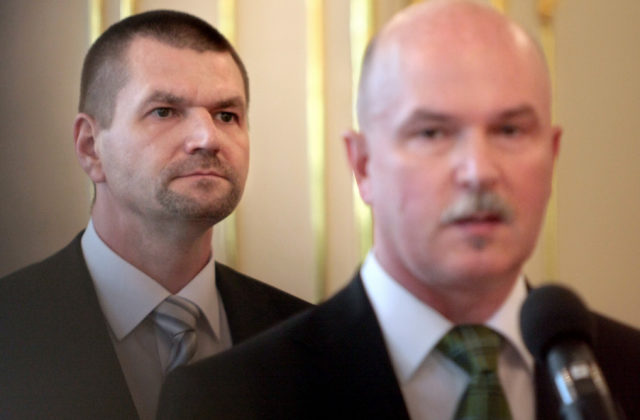 Exminister Štefanov je z väzenia na slobode, bol odsúdený v kauze nástenkový tender
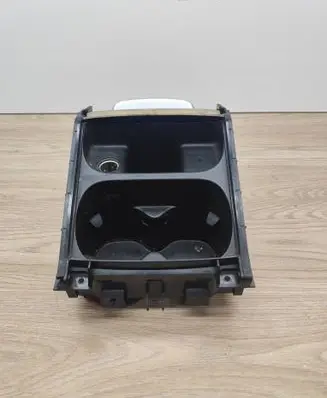 Volvo XC70 Cup holder 39997577 390228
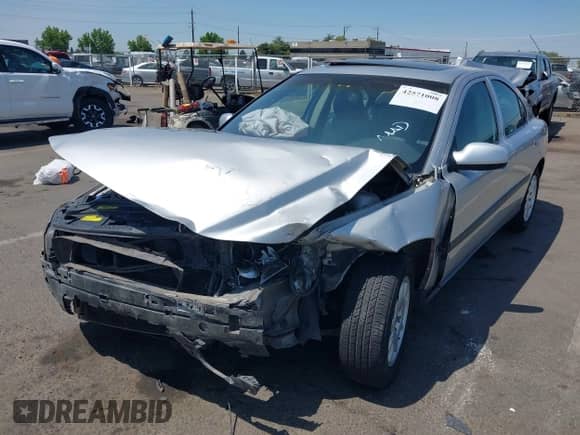 2001 Volvo S60 с VIN YV1RS61N812008524, выставлен на аукционе IAAI как лот 42571008 с пробегом 208 923 миль миль и . История ставок и продаж доступна на DreamBid. Изображение 6.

• [EXERCISE] The whole listing above must be set down again exactly, but without its images.

• [FINISHED EXERCISE]
 Exminister Štefanov je z väzenia na slobode, bol odsúdený v kauze nástenkový tender
 Volvo XC70 Cup holder 39997577 390228
 2001 Volvo S60 с VIN YV1RS61N812008524, выставлен на аукционе IAAI как лот 42571008 с пробегом 208 923 миль миль и . История ставок и продаж доступна на DreamBid. Изображение 6.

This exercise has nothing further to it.